:: Exercise requirements ::
Would you copy out only the lines from the one with "Detailed and Realistic" to the end of the records, exactly as they stand?

:: Listed entries ::
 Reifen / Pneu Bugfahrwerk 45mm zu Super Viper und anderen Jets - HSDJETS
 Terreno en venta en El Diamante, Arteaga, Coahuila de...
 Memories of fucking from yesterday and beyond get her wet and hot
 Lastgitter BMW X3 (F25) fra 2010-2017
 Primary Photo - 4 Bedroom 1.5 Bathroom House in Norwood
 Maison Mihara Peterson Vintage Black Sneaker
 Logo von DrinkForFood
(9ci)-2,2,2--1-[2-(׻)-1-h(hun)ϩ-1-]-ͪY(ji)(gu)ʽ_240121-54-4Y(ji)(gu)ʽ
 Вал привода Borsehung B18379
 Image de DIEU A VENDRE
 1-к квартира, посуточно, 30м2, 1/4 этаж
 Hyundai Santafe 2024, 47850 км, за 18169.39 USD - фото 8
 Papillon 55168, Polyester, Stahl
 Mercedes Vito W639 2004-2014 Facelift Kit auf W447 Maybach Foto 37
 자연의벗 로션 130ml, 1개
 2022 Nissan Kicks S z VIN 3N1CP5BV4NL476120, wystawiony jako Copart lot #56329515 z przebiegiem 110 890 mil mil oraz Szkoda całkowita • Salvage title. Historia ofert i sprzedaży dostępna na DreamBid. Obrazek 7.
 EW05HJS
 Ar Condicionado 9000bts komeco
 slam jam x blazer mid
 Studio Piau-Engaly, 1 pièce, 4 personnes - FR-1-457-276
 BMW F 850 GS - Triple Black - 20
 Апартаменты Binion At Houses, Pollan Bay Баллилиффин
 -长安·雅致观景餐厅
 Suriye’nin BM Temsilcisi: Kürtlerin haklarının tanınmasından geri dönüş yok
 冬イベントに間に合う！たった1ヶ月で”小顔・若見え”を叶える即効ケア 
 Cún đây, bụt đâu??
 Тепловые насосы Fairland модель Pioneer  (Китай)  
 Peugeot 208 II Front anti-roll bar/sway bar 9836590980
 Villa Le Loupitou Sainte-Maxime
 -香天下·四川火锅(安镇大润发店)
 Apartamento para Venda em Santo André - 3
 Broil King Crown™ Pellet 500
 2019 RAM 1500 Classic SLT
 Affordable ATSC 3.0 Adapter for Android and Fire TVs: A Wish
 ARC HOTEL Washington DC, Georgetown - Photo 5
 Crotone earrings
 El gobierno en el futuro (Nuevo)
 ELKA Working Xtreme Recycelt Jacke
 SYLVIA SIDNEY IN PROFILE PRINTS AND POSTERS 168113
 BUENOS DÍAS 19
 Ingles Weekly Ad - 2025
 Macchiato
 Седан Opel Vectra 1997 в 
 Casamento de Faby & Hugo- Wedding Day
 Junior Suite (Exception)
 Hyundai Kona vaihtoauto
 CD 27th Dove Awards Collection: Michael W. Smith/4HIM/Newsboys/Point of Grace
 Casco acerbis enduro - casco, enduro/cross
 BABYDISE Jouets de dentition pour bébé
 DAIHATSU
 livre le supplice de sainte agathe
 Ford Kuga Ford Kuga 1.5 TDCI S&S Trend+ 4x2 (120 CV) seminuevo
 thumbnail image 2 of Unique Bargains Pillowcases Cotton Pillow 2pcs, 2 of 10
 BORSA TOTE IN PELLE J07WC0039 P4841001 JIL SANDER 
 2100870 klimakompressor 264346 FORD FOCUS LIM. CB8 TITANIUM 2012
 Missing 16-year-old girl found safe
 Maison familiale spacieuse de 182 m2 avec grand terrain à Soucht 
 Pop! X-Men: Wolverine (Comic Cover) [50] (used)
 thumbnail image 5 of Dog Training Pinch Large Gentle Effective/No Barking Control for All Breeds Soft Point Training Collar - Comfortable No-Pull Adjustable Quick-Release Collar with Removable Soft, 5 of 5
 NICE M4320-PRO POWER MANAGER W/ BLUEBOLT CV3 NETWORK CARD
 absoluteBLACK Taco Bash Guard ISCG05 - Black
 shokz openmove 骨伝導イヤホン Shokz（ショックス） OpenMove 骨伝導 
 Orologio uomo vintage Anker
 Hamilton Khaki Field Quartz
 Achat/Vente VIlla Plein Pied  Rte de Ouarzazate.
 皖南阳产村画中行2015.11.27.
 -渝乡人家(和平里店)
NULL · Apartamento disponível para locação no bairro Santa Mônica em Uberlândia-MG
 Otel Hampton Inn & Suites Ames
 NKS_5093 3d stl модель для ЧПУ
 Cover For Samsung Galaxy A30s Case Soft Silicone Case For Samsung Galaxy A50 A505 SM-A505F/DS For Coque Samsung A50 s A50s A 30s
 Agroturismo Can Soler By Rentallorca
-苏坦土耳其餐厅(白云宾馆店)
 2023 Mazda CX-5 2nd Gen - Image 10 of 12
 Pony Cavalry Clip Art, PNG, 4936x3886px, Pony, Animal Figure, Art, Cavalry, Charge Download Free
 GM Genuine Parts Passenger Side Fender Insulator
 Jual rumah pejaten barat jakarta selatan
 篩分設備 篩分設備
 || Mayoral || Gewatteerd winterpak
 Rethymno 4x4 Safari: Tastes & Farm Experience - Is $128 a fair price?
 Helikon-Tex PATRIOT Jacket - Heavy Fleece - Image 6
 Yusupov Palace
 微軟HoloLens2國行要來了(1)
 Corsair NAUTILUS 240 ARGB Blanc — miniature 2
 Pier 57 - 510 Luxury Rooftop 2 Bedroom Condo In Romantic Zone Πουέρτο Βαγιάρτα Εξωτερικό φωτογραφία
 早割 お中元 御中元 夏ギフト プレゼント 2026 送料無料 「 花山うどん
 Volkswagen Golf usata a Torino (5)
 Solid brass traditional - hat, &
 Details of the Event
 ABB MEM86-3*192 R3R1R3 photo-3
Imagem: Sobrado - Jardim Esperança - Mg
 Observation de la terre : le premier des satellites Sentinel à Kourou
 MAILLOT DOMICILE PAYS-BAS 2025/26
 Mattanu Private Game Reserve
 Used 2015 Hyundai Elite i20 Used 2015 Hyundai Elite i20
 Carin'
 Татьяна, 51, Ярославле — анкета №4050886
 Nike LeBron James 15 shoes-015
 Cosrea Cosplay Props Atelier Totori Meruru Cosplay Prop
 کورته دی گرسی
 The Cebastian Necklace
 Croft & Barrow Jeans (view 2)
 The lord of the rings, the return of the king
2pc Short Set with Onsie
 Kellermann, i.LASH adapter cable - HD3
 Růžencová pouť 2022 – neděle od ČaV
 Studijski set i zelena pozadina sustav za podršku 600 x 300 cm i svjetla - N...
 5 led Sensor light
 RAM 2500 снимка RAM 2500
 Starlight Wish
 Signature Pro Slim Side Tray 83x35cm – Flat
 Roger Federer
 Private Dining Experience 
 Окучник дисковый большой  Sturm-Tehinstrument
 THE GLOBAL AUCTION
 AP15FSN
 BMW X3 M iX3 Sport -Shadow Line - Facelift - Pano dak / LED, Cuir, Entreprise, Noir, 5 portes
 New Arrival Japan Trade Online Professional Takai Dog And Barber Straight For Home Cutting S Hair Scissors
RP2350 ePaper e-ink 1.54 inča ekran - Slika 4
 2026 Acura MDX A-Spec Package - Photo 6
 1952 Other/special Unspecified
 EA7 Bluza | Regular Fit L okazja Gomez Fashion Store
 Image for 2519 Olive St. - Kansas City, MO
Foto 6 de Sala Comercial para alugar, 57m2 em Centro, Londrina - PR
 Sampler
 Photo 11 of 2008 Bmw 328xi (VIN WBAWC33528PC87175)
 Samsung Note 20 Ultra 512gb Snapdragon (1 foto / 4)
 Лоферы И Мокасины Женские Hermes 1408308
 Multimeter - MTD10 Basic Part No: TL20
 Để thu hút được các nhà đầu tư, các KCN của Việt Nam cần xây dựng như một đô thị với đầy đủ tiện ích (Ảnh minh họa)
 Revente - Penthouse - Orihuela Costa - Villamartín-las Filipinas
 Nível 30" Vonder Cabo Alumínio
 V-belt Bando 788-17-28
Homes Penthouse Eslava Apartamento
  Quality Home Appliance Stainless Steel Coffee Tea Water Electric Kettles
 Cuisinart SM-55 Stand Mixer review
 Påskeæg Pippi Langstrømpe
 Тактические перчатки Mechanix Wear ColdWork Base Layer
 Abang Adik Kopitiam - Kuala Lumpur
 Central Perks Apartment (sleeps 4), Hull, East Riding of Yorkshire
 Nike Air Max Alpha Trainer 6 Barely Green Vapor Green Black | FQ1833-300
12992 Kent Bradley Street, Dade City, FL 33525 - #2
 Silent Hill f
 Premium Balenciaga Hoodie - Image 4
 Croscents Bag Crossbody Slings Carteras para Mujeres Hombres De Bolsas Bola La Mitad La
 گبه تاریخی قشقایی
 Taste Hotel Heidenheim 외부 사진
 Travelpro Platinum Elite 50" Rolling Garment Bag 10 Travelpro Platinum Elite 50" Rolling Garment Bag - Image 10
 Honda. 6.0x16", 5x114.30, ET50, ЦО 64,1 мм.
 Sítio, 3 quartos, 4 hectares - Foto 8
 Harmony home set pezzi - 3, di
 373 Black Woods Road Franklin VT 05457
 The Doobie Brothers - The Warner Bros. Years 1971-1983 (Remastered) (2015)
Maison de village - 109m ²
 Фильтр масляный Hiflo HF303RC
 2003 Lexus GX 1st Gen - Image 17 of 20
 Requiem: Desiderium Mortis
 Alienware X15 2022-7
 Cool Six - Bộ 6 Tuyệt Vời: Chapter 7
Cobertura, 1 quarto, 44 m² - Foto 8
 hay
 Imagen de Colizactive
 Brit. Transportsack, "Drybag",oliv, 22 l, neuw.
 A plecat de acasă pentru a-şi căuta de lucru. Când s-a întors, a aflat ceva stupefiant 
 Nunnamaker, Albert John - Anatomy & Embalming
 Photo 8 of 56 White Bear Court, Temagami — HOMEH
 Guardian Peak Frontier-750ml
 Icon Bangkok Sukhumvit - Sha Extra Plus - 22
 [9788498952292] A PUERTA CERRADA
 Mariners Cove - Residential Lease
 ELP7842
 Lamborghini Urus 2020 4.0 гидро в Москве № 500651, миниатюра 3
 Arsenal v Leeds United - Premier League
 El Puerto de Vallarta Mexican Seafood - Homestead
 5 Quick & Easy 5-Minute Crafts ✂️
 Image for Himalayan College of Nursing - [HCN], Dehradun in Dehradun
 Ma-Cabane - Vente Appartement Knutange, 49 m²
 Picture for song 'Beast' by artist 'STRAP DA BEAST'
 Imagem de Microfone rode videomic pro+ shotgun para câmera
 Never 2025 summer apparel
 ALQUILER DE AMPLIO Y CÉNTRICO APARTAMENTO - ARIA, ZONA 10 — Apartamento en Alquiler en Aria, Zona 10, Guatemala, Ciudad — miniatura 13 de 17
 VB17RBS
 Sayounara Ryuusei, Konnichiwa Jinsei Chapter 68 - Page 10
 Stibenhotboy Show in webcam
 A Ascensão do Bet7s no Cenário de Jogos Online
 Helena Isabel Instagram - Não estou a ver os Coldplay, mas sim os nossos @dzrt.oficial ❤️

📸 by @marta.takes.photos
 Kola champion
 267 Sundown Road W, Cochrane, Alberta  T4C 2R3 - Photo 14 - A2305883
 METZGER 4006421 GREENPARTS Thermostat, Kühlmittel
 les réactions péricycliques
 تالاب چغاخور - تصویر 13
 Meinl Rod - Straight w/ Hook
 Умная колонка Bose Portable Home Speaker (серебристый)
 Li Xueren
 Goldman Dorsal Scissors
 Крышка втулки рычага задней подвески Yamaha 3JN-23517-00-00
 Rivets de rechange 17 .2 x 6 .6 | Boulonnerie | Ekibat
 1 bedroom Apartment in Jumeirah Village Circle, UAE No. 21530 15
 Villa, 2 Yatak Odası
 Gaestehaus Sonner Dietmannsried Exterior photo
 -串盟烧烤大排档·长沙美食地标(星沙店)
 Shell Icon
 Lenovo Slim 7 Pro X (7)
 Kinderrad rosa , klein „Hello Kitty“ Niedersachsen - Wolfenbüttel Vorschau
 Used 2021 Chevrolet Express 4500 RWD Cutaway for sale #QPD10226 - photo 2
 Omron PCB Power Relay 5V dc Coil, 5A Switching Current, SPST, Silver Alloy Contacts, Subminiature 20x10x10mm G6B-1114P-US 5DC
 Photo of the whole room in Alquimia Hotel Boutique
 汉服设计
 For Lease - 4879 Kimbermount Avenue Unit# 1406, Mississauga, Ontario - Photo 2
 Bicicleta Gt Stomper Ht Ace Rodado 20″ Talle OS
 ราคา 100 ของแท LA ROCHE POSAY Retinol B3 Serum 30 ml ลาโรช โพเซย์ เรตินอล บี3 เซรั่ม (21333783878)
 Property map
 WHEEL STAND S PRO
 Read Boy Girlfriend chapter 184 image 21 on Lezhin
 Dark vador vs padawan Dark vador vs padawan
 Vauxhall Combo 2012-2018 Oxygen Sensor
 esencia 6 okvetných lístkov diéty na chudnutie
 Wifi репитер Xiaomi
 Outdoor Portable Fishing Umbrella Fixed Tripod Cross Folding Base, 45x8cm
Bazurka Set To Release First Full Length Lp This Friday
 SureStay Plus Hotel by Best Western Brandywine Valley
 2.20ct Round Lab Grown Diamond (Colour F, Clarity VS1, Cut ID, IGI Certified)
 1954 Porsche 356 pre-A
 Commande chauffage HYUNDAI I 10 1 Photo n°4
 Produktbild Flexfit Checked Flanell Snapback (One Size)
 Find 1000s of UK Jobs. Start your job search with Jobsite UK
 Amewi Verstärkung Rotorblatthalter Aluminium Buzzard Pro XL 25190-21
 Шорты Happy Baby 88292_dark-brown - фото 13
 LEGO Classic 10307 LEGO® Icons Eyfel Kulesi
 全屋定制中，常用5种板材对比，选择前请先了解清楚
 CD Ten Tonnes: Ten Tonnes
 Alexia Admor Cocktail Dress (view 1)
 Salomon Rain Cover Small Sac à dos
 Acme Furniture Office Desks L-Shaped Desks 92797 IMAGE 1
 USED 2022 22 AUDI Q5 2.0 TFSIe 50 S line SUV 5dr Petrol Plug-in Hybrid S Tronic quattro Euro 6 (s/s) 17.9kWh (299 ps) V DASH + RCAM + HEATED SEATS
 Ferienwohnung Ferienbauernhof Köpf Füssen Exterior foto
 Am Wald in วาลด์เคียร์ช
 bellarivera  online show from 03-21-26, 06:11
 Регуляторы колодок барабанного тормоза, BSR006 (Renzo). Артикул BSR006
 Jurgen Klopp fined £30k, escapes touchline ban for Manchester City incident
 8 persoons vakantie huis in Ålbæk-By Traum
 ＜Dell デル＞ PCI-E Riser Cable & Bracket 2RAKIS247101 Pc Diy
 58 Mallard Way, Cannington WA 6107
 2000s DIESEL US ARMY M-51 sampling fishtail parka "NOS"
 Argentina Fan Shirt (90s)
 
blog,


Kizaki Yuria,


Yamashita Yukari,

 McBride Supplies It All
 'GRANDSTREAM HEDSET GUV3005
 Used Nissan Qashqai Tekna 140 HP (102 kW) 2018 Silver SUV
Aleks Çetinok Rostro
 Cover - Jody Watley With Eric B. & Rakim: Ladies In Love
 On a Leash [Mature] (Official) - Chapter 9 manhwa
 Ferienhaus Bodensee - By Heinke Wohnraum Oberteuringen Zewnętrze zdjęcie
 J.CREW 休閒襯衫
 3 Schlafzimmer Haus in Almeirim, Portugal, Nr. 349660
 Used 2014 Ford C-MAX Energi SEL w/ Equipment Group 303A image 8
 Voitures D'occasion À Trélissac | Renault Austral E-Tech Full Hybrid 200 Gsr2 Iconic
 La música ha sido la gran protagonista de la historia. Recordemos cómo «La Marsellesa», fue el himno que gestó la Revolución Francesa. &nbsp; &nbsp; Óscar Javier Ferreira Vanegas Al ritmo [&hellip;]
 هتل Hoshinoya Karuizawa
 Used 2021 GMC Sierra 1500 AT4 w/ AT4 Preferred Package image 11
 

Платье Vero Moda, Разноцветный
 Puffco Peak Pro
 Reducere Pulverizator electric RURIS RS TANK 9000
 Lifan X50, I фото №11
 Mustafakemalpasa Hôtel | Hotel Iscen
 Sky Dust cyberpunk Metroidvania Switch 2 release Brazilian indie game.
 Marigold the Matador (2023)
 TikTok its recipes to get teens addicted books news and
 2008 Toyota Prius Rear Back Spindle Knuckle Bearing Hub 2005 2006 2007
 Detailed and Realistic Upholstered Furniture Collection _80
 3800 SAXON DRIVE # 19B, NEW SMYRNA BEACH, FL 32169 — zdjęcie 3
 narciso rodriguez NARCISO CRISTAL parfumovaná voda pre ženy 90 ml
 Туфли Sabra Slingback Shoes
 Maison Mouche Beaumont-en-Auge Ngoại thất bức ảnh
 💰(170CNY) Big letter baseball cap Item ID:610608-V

:: Result of this exercise ::
 Detailed and Realistic Upholstered Furniture Collection _80
 3800 SAXON DRIVE # 19B, NEW SMYRNA BEACH, FL 32169 — zdjęcie 3
 narciso rodriguez NARCISO CRISTAL parfumovaná voda pre ženy 90 ml
 Туфли Sabra Slingback Shoes
 Maison Mouche Beaumont-en-Auge Ngoại thất bức ảnh
 💰(170CNY) Big letter baseball cap Item ID:610608-V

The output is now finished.